- _Task to carry out_: Don't include any picture when you restate the data word for word.

- _The input_:
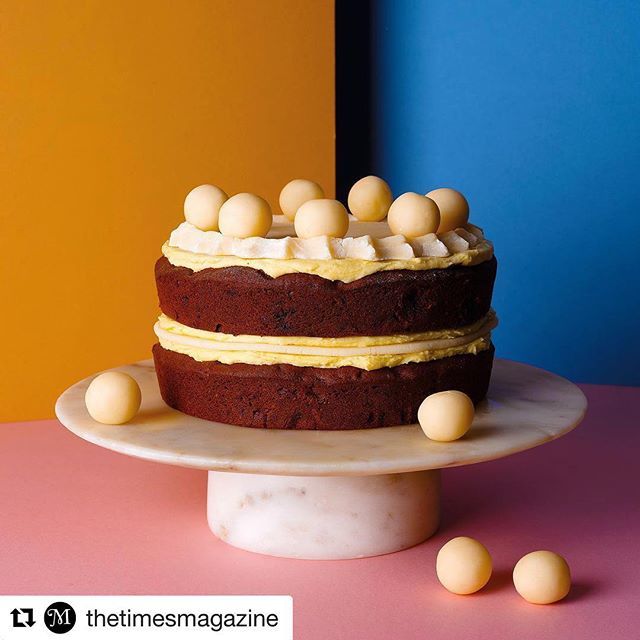 Rahul’s SIMNEL cake, from the Times mag on Saturday. 🧔🏽🧔🏻🧔🏼🧔🏻🧔🏻🧔🧔🏻🧔🏽🧔🏻🧒🏻🧔🏽(apostles)

#Repost @thetimesmagazine with <a href="/get_repost/">Repost</a>
・・・
In tomorrow’s @thetimesmagazine Eating in with Rahul. Treats for Easter. Photography by <a href="/romasfoord/">Romas Foord</a> Styling by <a href="/henri/">Henri</a>… bit.ly/2Ip24QD
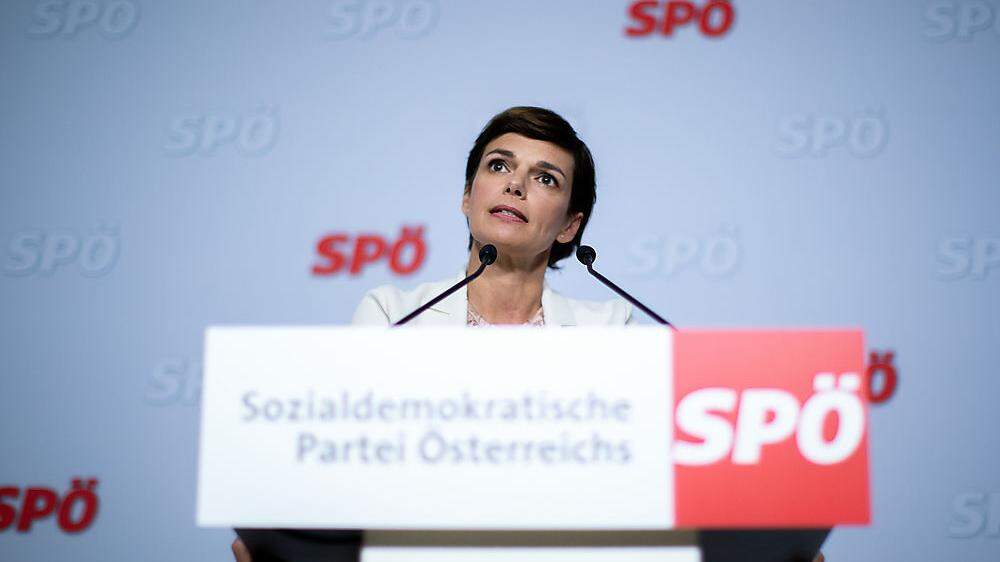 Pamela Rendi-Wagner ist designierte Parteichefin, noch vor der Abstimmung im Parteivorstand trat der  derzeitige stellvertretende Klubobmann Andreas Schieder in dieser Funktion zurück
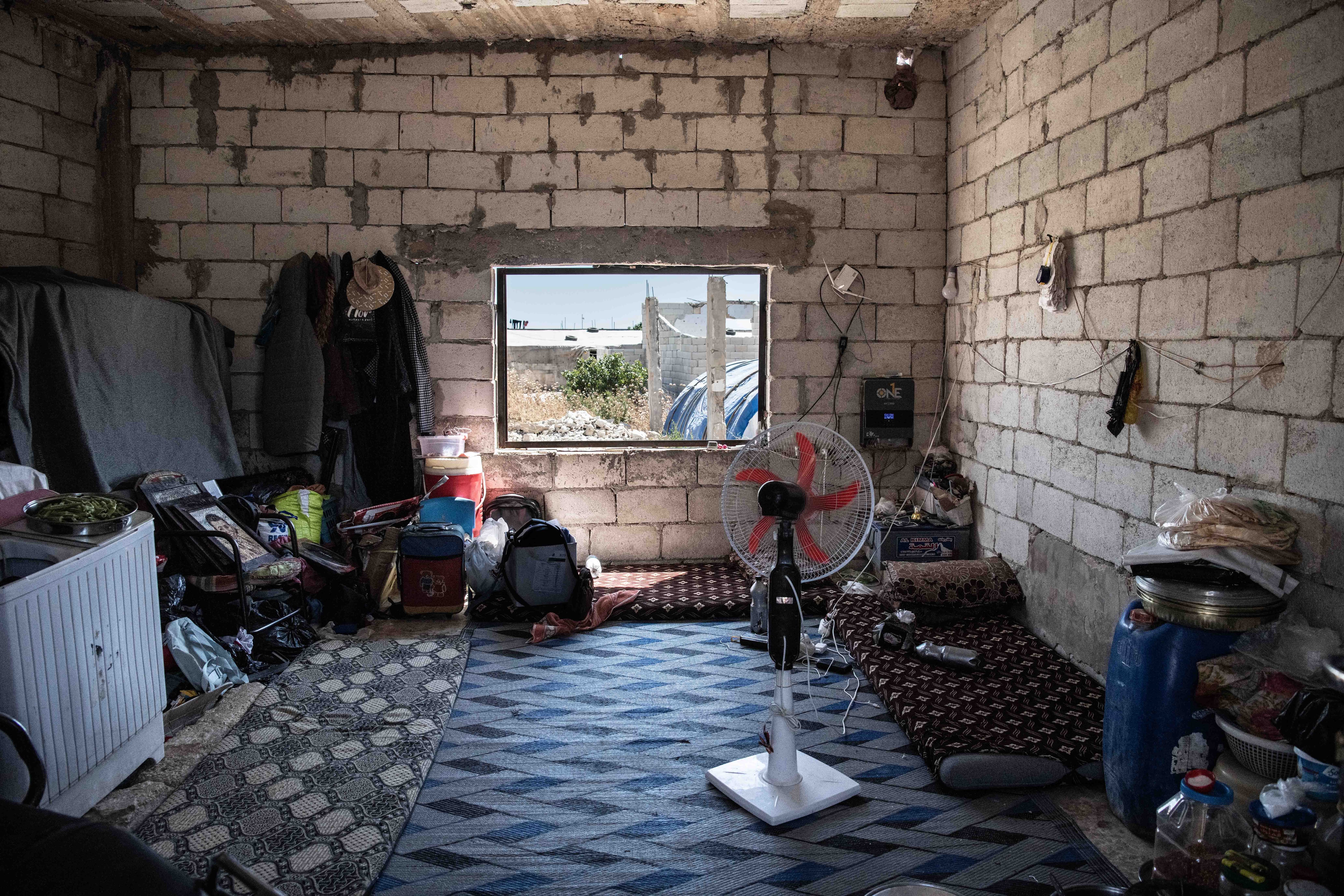 Interior del cuarto que la familia Al Nassa ha levantado al retornar al poblado de Al Hamamiyat y donde se hacinan cuatro hijos y los dos padres, en la provincia de Hama, el 28 de julio.
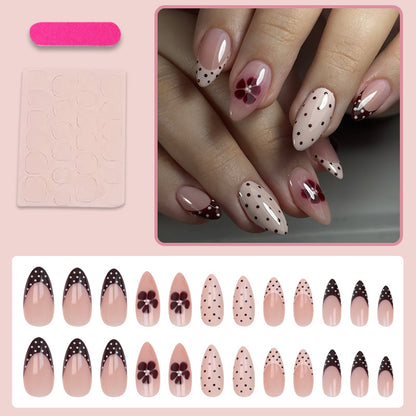 Kunstnagelset mit Eleganter Blüten- und Punktemuster Gestaltung Brehn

- _Response to this exercise_:
 Rahul’s SIMNEL cake, from the Times mag on Saturday. 🧔🏽🧔🏻🧔🏼🧔🏻🧔🏻🧔🧔🏻🧔🏽🧔🏻🧒🏻🧔🏽(apostles)

#Repost @thetimesmagazine with <a href="/get_repost/">Repost</a>
・・・
In tomorrow’s @thetimesmagazine Eating in with Rahul. Treats for Easter. Photography by <a href="/romasfoord/">Romas Foord</a> Styling by <a href="/henri/">Henri</a>… bit.ly/2Ip24QD
 Pamela Rendi-Wagner ist designierte Parteichefin, noch vor der Abstimmung im Parteivorstand trat der  derzeitige stellvertretende Klubobmann Andreas Schieder in dieser Funktion zurück
 Interior del cuarto que la familia Al Nassa ha levantado al retornar al poblado de Al Hamamiyat y donde se hacinan cuatro hijos y los dos padres, en la provincia de Hama, el 28 de julio.
 Kunstnagelset mit Eleganter Blüten- und Punktemuster Gestaltung Brehn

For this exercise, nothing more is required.